(DATA UNDER STUDY)
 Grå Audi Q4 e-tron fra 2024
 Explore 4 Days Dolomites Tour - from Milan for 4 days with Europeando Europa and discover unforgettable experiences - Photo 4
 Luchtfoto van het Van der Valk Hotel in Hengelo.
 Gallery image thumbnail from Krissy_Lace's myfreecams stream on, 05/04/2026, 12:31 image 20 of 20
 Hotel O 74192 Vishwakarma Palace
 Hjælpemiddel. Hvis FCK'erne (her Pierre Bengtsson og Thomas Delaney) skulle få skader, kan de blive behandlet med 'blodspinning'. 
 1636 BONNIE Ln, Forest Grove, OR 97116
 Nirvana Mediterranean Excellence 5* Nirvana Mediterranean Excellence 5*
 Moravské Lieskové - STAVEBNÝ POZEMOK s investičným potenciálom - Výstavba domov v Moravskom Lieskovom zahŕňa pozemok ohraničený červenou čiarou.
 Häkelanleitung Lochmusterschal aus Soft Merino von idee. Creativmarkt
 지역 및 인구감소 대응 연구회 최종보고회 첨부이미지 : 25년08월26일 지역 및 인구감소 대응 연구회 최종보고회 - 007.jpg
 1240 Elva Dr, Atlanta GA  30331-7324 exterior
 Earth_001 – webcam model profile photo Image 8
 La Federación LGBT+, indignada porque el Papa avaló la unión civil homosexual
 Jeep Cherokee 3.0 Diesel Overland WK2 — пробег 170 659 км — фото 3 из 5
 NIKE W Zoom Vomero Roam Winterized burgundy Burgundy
(End DATA UNDER STUDY)
● **WHAT THE EXERCISE ASKS**
Your response must repeat the entries above exactly, in full.

● **ANSWER SECTION**
 Grå Audi Q4 e-tron fra 2024
 Explore 4 Days Dolomites Tour - from Milan for 4 days with Europeando Europa and discover unforgettable experiences - Photo 4
 Luchtfoto van het Van der Valk Hotel in Hengelo.
 Gallery image thumbnail from Krissy_Lace's myfreecams stream on, 05/04/2026, 12:31 image 20 of 20
 Hotel O 74192 Vishwakarma Palace
 Hjælpemiddel. Hvis FCK'erne (her Pierre Bengtsson og Thomas Delaney) skulle få skader, kan de blive behandlet med 'blodspinning'. 
 1636 BONNIE Ln, Forest Grove, OR 97116
 Nirvana Mediterranean Excellence 5* Nirvana Mediterranean Excellence 5*
 Moravské Lieskové - STAVEBNÝ POZEMOK s investičným potenciálom - Výstavba domov v Moravskom Lieskovom zahŕňa pozemok ohraničený červenou čiarou.
 Häkelanleitung Lochmusterschal aus Soft Merino von idee. Creativmarkt
 지역 및 인구감소 대응 연구회 최종보고회 첨부이미지 : 25년08월26일 지역 및 인구감소 대응 연구회 최종보고회 - 007.jpg
 1240 Elva Dr, Atlanta GA  30331-7324 exterior
 Earth_001 – webcam model profile photo Image 8
 La Federación LGBT+, indignada porque el Papa avaló la unión civil homosexual
 Jeep Cherokee 3.0 Diesel Overland WK2 — пробег 170 659 км — фото 3 из 5
 NIKE W Zoom Vomero Roam Winterized burgundy Burgundy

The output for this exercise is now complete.